Go through the records and give each one again exactly.

Data records
..........

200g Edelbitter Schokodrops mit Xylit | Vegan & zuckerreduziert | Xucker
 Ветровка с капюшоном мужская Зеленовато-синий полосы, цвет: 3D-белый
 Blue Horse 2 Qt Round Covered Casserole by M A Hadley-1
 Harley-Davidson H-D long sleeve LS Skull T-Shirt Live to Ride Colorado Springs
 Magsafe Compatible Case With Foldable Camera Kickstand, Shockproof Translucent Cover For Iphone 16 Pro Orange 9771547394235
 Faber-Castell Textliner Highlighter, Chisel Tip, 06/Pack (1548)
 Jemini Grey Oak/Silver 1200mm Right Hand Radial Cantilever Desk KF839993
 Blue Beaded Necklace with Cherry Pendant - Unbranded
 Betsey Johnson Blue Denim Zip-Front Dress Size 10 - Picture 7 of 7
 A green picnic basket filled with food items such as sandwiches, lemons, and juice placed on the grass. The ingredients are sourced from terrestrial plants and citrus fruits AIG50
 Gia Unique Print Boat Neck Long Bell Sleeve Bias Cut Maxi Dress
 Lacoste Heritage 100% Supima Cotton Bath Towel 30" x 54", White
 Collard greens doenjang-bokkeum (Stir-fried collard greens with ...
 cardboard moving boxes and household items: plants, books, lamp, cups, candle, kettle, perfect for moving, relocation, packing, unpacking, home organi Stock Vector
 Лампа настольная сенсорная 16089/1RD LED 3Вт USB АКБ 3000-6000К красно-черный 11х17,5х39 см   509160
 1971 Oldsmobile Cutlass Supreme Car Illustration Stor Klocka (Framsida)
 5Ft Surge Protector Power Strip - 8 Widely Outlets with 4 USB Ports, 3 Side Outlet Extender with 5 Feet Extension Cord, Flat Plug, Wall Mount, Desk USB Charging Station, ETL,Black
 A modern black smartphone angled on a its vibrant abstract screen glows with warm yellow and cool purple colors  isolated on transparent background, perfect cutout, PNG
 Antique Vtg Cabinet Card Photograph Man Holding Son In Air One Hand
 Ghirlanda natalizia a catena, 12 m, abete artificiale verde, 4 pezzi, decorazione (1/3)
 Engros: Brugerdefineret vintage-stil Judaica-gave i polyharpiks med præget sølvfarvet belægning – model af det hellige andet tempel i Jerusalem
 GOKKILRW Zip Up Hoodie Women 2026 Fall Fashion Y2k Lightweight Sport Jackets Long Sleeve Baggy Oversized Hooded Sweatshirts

..........

REPLY:
200g Edelbitter Schokodrops mit Xylit | Vegan & zuckerreduziert | Xucker
 Ветровка с капюшоном мужская Зеленовато-синий полосы, цвет: 3D-белый
 Blue Horse 2 Qt Round Covered Casserole by M A Hadley-1
 Harley-Davidson H-D long sleeve LS Skull T-Shirt Live to Ride Colorado Springs
 Magsafe Compatible Case With Foldable Camera Kickstand, Shockproof Translucent Cover For Iphone 16 Pro Orange 9771547394235
 Faber-Castell Textliner Highlighter, Chisel Tip, 06/Pack (1548)
 Jemini Grey Oak/Silver 1200mm Right Hand Radial Cantilever Desk KF839993
 Blue Beaded Necklace with Cherry Pendant - Unbranded
 Betsey Johnson Blue Denim Zip-Front Dress Size 10 - Picture 7 of 7
 A green picnic basket filled with food items such as sandwiches, lemons, and juice placed on the grass. The ingredients are sourced from terrestrial plants and citrus fruits AIG50
 Gia Unique Print Boat Neck Long Bell Sleeve Bias Cut Maxi Dress
 Lacoste Heritage 100% Supima Cotton Bath Towel 30" x 54", White
 Collard greens doenjang-bokkeum (Stir-fried collard greens with ...
 cardboard moving boxes and household items: plants, books, lamp, cups, candle, kettle, perfect for moving, relocation, packing, unpacking, home organi Stock Vector
 Лампа настольная сенсорная 16089/1RD LED 3Вт USB АКБ 3000-6000К красно-черный 11х17,5х39 см   509160
 1971 Oldsmobile Cutlass Supreme Car Illustration Stor Klocka (Framsida)
 5Ft Surge Protector Power Strip - 8 Widely Outlets with 4 USB Ports, 3 Side Outlet Extender with 5 Feet Extension Cord, Flat Plug, Wall Mount, Desk USB Charging Station, ETL,Black
 A modern black smartphone angled on a its vibrant abstract screen glows with warm yellow and cool purple colors  isolated on transparent background, perfect cutout, PNG
 Antique Vtg Cabinet Card Photograph Man Holding Son In Air One Hand
 Ghirlanda natalizia a catena, 12 m, abete artificiale verde, 4 pezzi, decorazione (1/3)
 Engros: Brugerdefineret vintage-stil Judaica-gave i polyharpiks med præget sølvfarvet belægning – model af det hellige andet tempel i Jerusalem
 GOKKILRW Zip Up Hoodie Women 2026 Fall Fashion Y2k Lightweight Sport Jackets Long Sleeve Baggy Oversized Hooded Sweatshirts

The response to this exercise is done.